━━━━━ Data shown ━━━━━

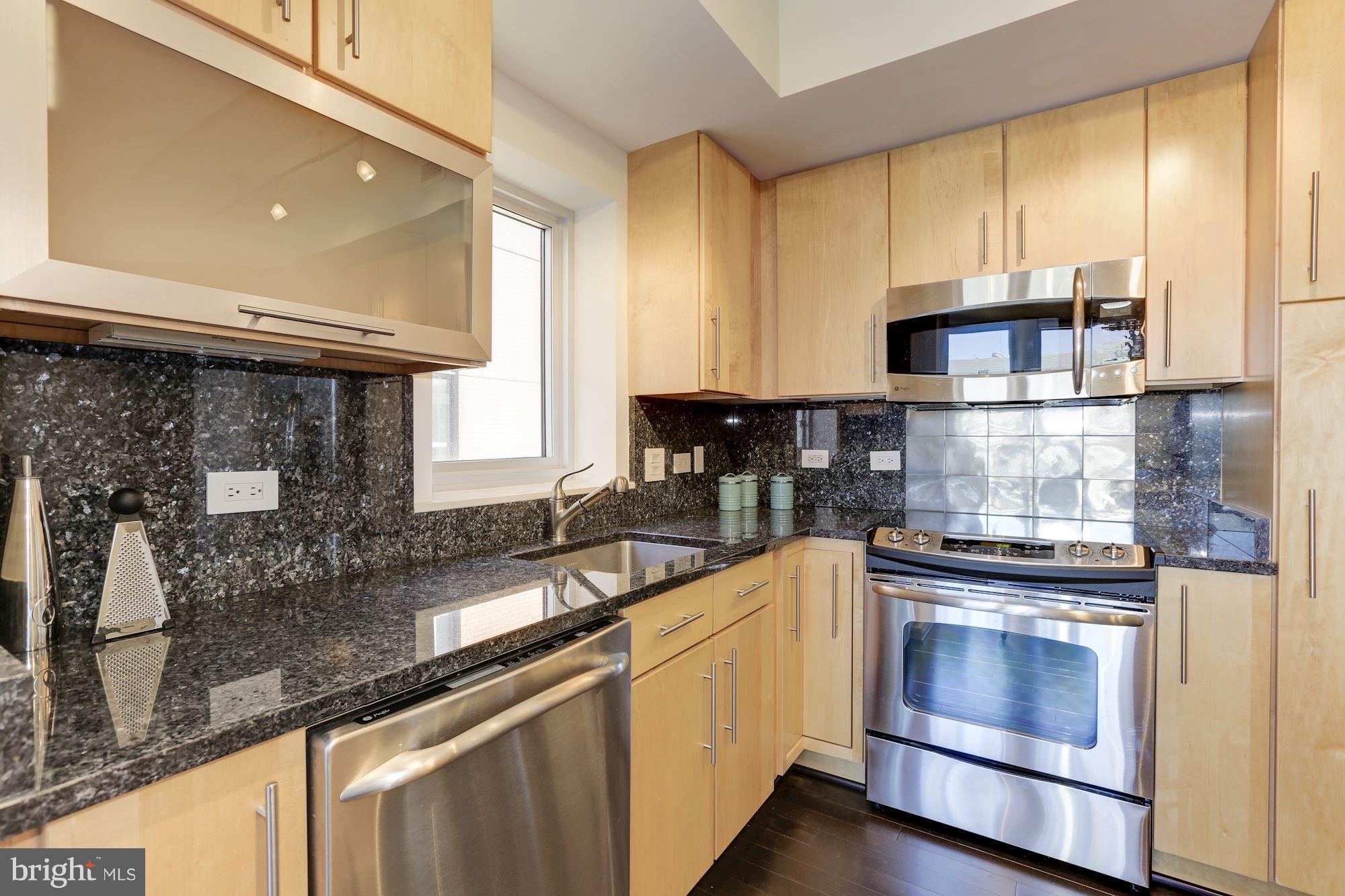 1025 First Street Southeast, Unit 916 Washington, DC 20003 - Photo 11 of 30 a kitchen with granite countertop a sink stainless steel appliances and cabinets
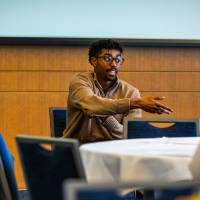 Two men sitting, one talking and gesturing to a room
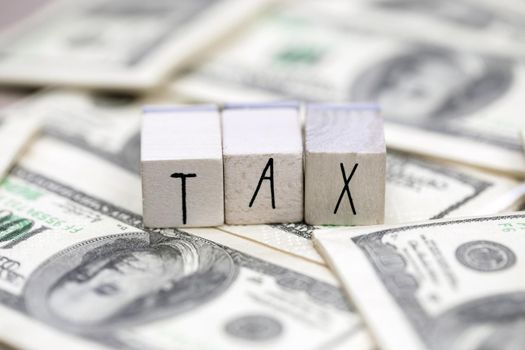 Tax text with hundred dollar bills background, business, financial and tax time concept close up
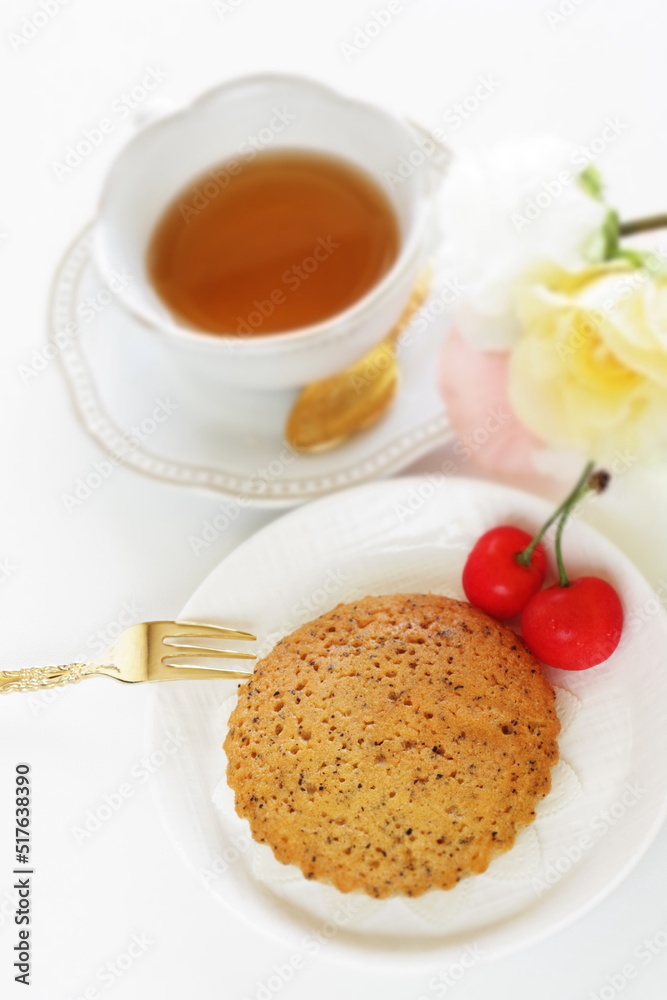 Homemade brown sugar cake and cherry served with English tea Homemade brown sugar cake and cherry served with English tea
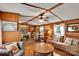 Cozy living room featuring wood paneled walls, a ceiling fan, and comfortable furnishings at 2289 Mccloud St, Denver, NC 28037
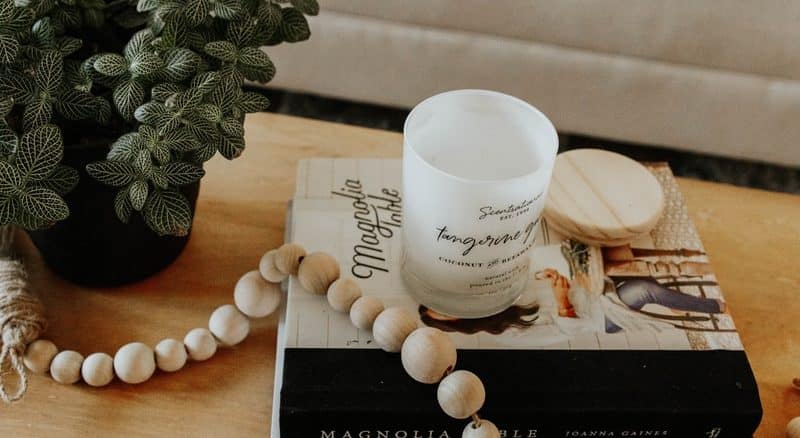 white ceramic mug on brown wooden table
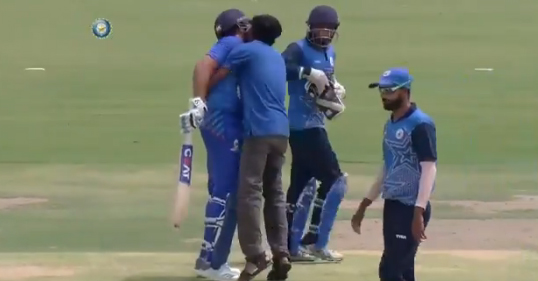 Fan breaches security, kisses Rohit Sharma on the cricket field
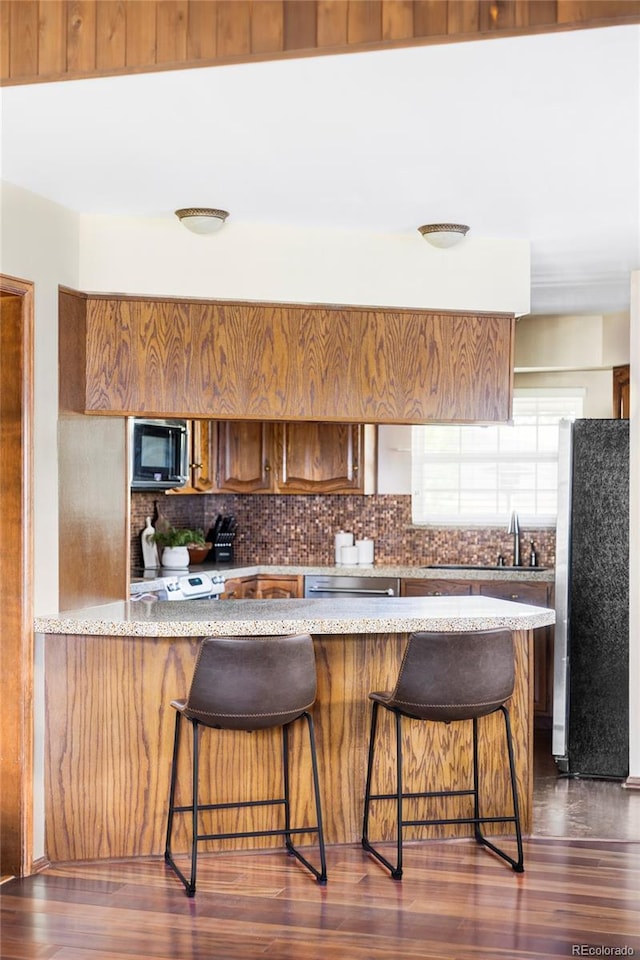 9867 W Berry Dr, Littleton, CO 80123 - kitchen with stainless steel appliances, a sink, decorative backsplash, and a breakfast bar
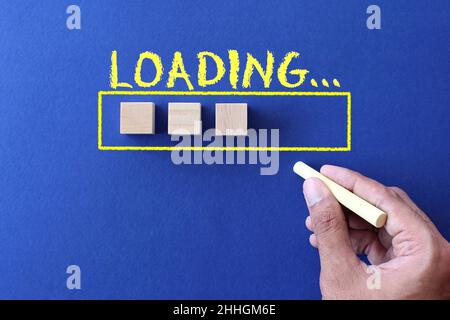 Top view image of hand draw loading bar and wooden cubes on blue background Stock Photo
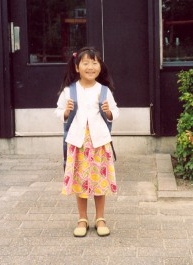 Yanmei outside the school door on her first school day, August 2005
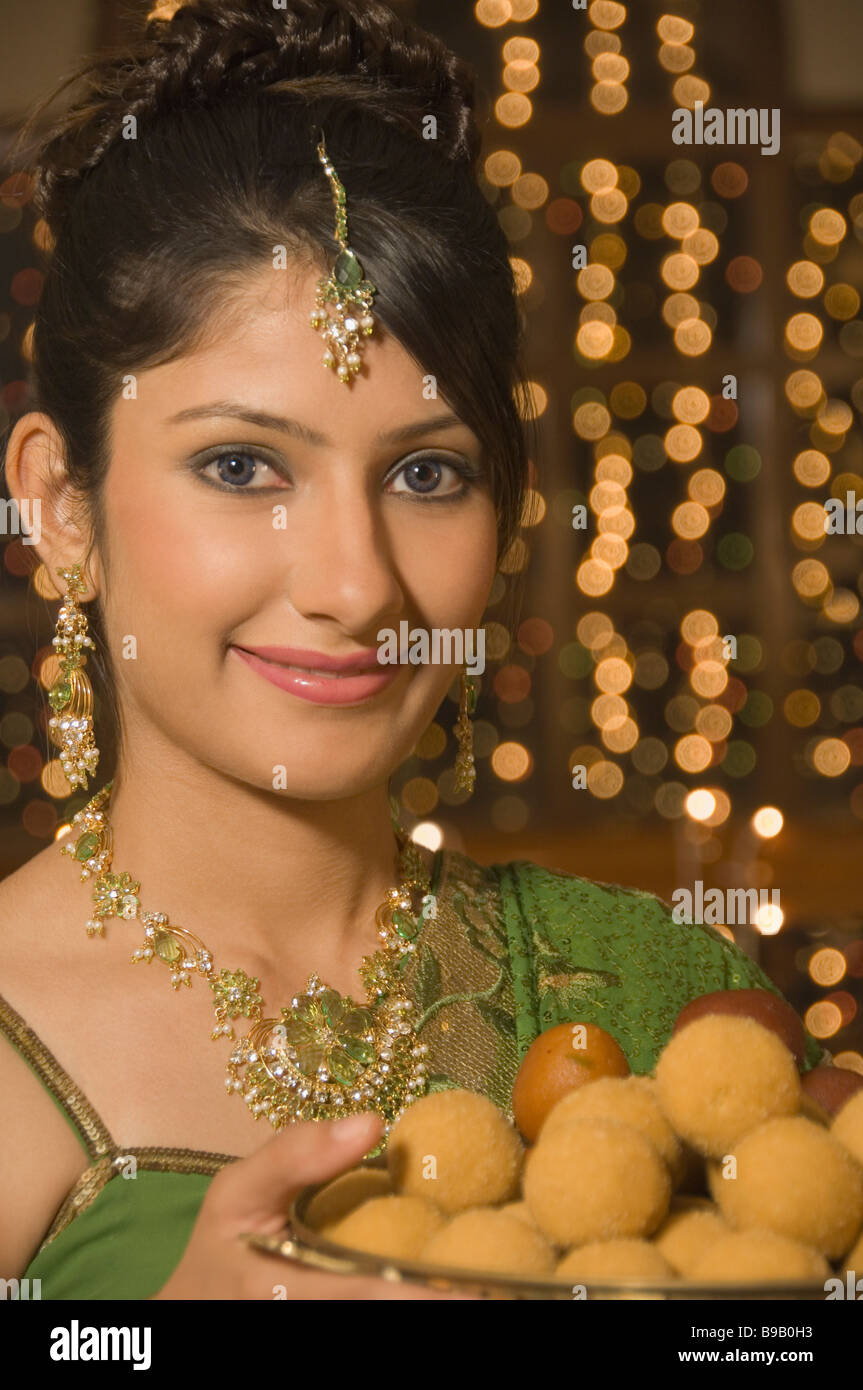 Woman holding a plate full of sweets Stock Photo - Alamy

━━━━━

Problem description> Every line of the data above should be quoted exactly. Omit the pictures.

Answer area>
 1025 First Street Southeast, Unit 916 Washington, DC 20003 - Photo 11 of 30 a kitchen with granite countertop a sink stainless steel appliances and cabinets
 Two men sitting, one talking and gesturing to a room
 Tax text with hundred dollar bills background, business, financial and tax time concept close up
 Homemade brown sugar cake and cherry served with English tea Homemade brown sugar cake and cherry served with English tea
 Cozy living room featuring wood paneled walls, a ceiling fan, and comfortable furnishings at 2289 Mccloud St, Denver, NC 28037
 white ceramic mug on brown wooden table
 Fan breaches security, kisses Rohit Sharma on the cricket field
 9867 W Berry Dr, Littleton, CO 80123 - kitchen with stainless steel appliances, a sink, decorative backsplash, and a breakfast bar
 Top view image of hand draw loading bar and wooden cubes on blue background Stock Photo
 Yanmei outside the school door on her first school day, August 2005
 Woman holding a plate full of sweets Stock Photo - Alamy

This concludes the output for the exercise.